There’s, probably, only one position in sports that can match the you-had-one-job scrutiny of a placekicker attempting a critical field goal late in a football game. As in: If you make the kick, it was expected; if you miss it, well, you didn’t do the one thing you were brought on to do. 

The comparison here is a closer in baseball. The expectation is whoever is called upon with a one-to-three-run lead in the ninth inning will convert the save and win his team the game. 

But when a closer blows a save and is in the spotlight during baseball’s regular season, there’s always a game the next day or, at worst, in two days. The immediacy and pace of a Major League Baseball team’s schedule lends itself to closers having to “flush” a bad outing and move on to the next one, since it might be tomorrow. 

For Bears kicker Cody Parkey, though, he’s had to wait a week until he gets his next “meaningful” chance at making a field goal after missing a game-winning 53-yard attempt last weekend against the Miami Dolphins. But moving on from a critical missed kick has never, and is not, a problem for the fifth-year veteran. 

“(It takes) five minutes,” Parkey said. “You kick the ball, and if it doesn’t go in you’re not going to sit there and cry on the field, you’re going to continue to move on with your life. I don’t think there’s really much to it other than knowing you’re going to have to kick another one sometime throughout the season, next game, in the next week, you never know. You stay ready so you’ll be ready for the next week.”

Not allowing those missed kicks to fester is an important trait for a placekicker to possess. What helps Parkey quickly work through his misses is focusing on having a good week of kicking in practice, and also an even-keel mindset that’s been instilled in him since a young age. 

“I think I’ve always been pretty mellow,” Parkey said. “At a young age, my coaches told me never let the highs get to high, never let the lows get too low. And I’ve kind of taken that to heart. If I miss a game winner, make a game winner, I’m going to have the same demeanor. I’m just going to be super chill and knowing it’s a game, it’s supposed to be fun, we’re supposed to go out there and try our best. I put in a lot of work and I try my best on the field.”

That’s something, too, that special teams coach Chris Tabor sees in Parkey. 

“He's always been like that,” Tabor said. “He hit a good ball, his line was just off. In his career going in he was 7-of-8 over 50 yards. I'll be honest with you, I thought he was going to make it. And next time we have that situation, I know he will make it.” 

Age is just a number

Sunday will mark the 6th time in Tom Brady’s career that the 41-year-old has faced a head coach younger than him, but the first time it’ll be a coach other than Miami’s Adam Gase (who’s 40).
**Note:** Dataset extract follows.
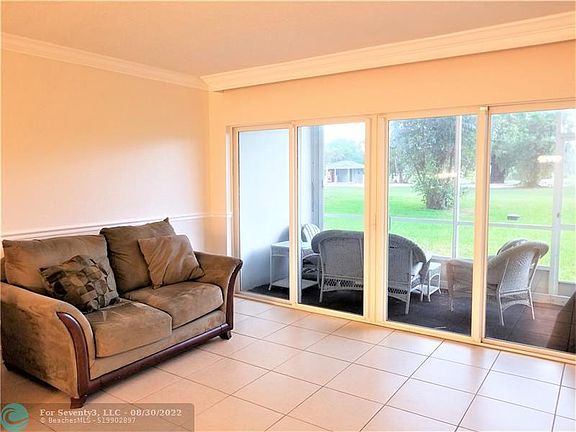 3rd image of 3300 N Palm Aire Dr APT 105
Brady is 3-2 against Gase’s Dophins. 

Matt Nagy, meanwhile, is also 40. Brady just missed playing Kyle Shanahan (38) and Sean McVay (32), facing the San Francisco 49ers and Los Angeles Rams in 2016, a year before both those youthful coaches were hired. 

Meanwhile, the youngest player on the Bears — 21-year-old Roquan Smith — was three years old when Brady made his unassuming NFL debut on Nov. 23, 2000. 

They said it

A couple of amusing one-liners out of Halas Hall this week…

Nagy, when it was brought to his attention that Mitch Trubisky (105.6) has a better passer rating than Brady (98.2), chuckled: “You want to say that one more time?” 

Patriots tight end Rob Gronkowski, when asked if he’d ever heard of “Baby Gronk” Adam Shaheen: “(long pause)… Sometimes.”